The appeal of the exponential distribution lies in its simplicity and applicability to numerous real-world processes where the time until an event follows an exponential pattern.
Type I Censoring
In our setup, considering Type I censoring at time \(c\), any data past this time point is not observed. The probability densities for our exponential variables, when subject to this type of censoring, are adjusted to reflect this limitation. The censored densities are expressed as \(f_X^*(x; \gamma) = \gamma e^{-\gamma x} / P(X \leq c)\) and \(f_Y^*(y; \gamma, \psi) = \gamma \psi e^{-(\gamma \psi) y} / P(Y \leq c)\).
This modification incorporates the probability of observing a time \(X \leq c\) or \(Y \leq c\), acknowledging the censored nature of the data and ensuring accurate statistical inference.

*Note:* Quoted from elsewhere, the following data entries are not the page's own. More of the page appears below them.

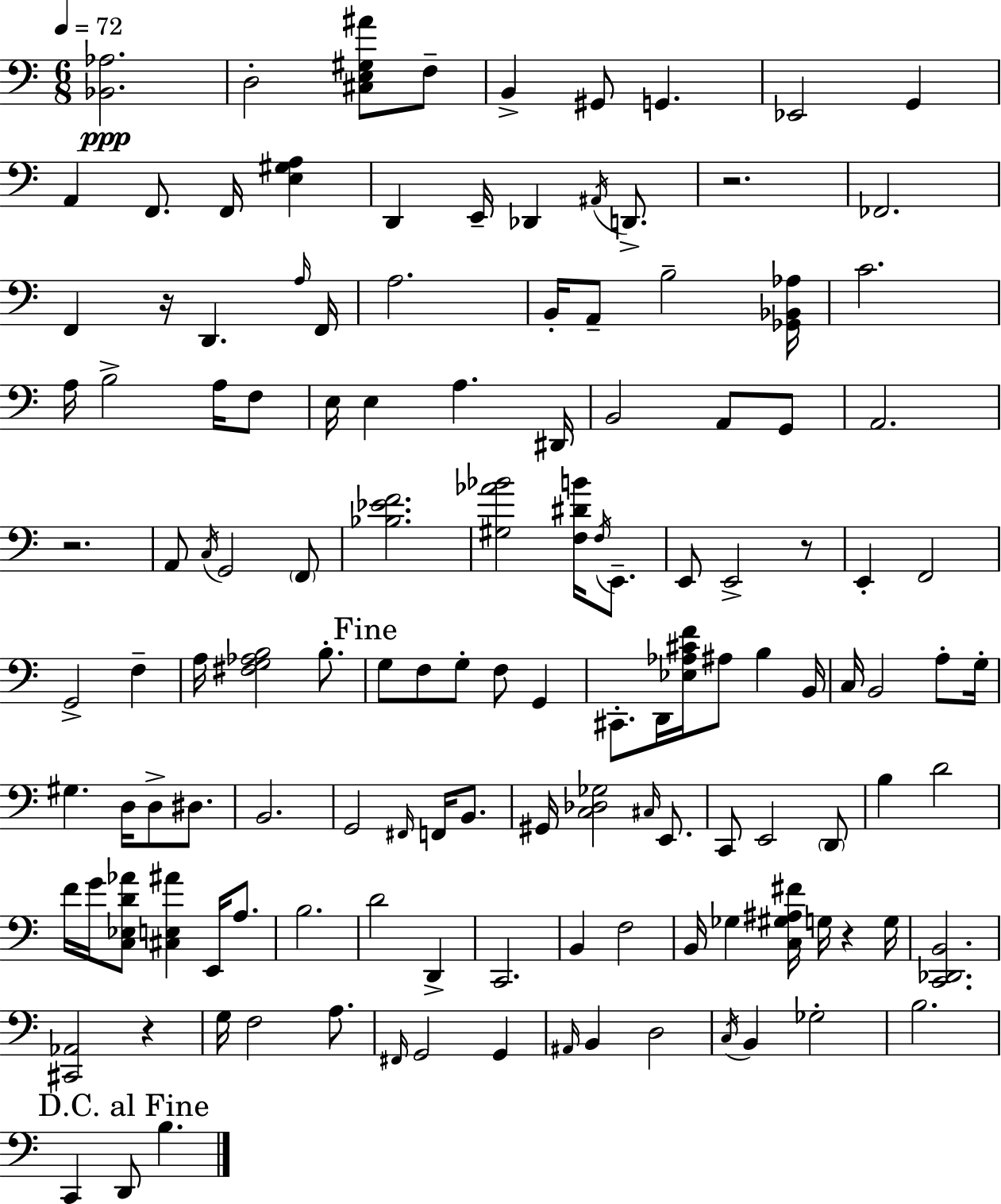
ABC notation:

X:1
T:Untitled
M:6/8
L:1/4
K:Am
[_B,,_A,]2 D,2 [^C,E,^G,^A]/2 F,/2 B,, ^G,,/2 G,, _E,,2 G,, A,, F,,/2 F,,/4 [E,^G,A,] D,, E,,/4 _D,, ^A,,/4 D,,/2 z2 _F,,2 F,, z/4 D,, A,/4 F,,/4 A,2 B,,/4 A,,/2 B,2 [_G,,_B,,_A,]/4 C2 A,/4 B,2 A,/4 F,/2 E,/4 E, A, ^D,,/4 B,,2 A,,/2 G,,/2 A,,2 z2 A,,/2 C,/4 G,,2 F,,/2 [_B,_EF]2 [^G,_A_B]2 [F,^DB]/4 F,/4 E,,/2 E,,/2 E,,2 z/2 E,, F,,2 G,,2 F, A,/4 [^F,G,_A,B,]2 B,/2 G,/2 F,/2 G,/2 F,/2 G,, ^C,,/2 D,,/4 [_E,_A,^CF]/4 ^A,/2 B, B,,/4 C,/4 B,,2 A,/2 G,/4 ^G, D,/4 D,/2 ^D,/2 B,,2 G,,2 ^F,,/4 F,,/4 B,,/2 ^G,,/4 [C,_D,_G,]2 ^C,/4 E,,/2 C,,/2 E,,2 D,,/2 B, D2 F/4 G/4 [C,_E,D_A]/2 [^C,E,^A] E,,/4 A,/2 B,2 D2 D,, C,,2 B,, F,2 B,,/4 _G, [C,^G,^A,^F]/4 G,/4 z G,/4 [C,,_D,,B,,]2 [^C,,_A,,]2 z G,/4 F,2 A,/2 ^F,,/4 G,,2 G,, ^A,,/4 B,, D,2 C,/4 B,, _G,2 B,2 C,, D,,/2 B,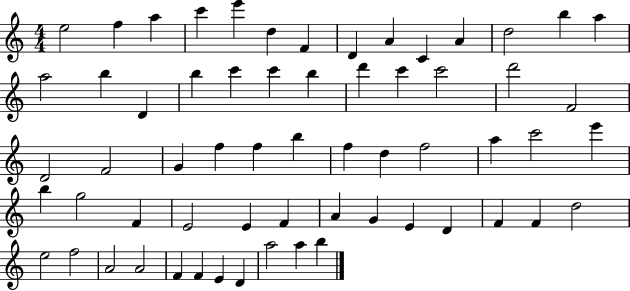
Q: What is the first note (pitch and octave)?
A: E5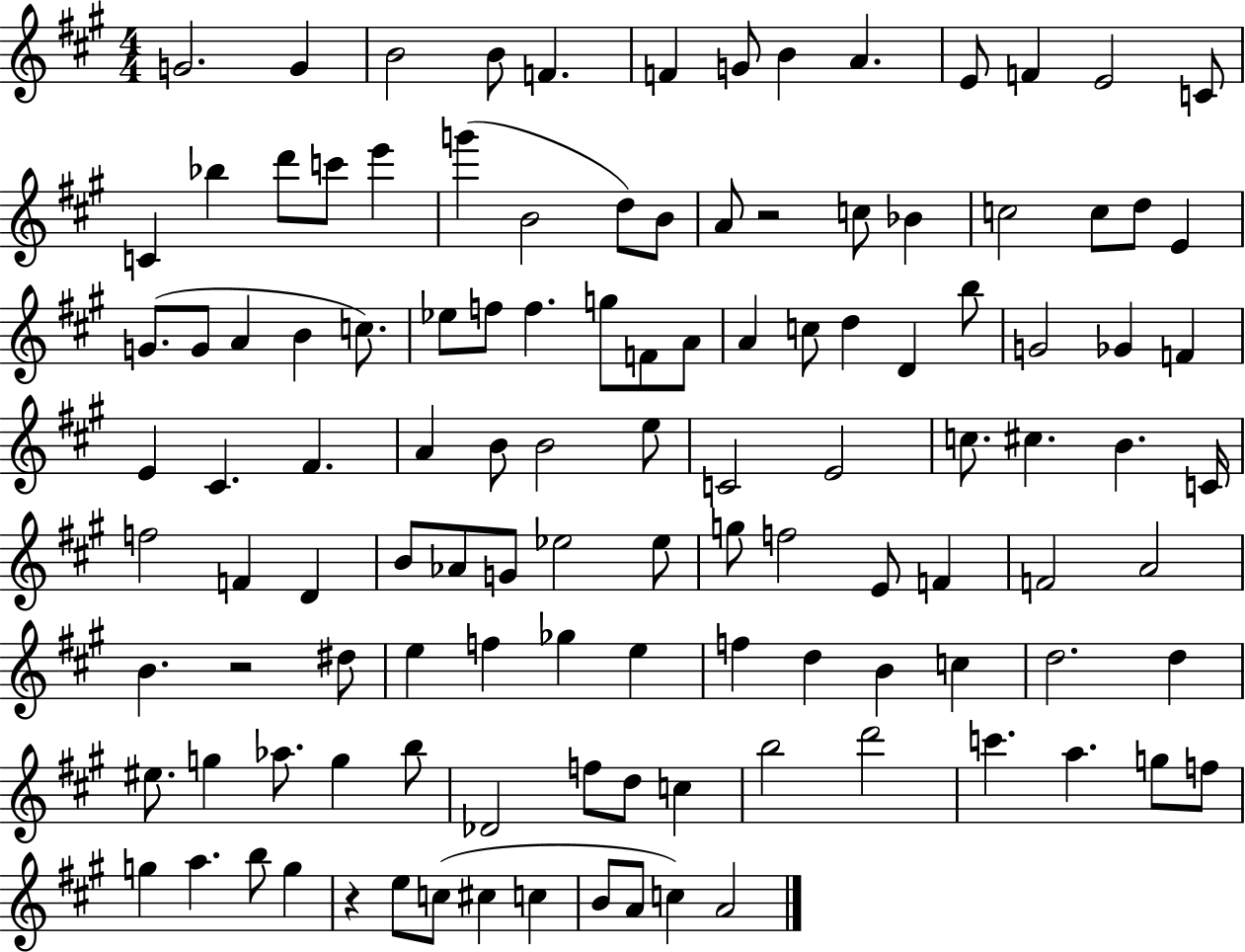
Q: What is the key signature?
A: A major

Partial Derivative in Statistics
When finding the partial derivative of \(\lambda = \gamma / \psi^{-1/2}\), we apply the chain rule. The derivative is calculated as \(\frac{\partial \lambda}{\partial \psi} = \gamma \times \frac{1}{2} \psi^{-1/2} = \frac{\gamma}{2 \psi^{-1/2}}\). This partial derivative is compared against our orthogonality condition, ensuring that setting \(\lambda = \gamma / \psi^{-1/2}\) appropriately meets the criteria needed for orthogonal parameters.
In essence, understanding the role of partial derivatives is fundamental in parameter estimation, helping to convey how each variable contributes to the structure and dependencies within statistical models.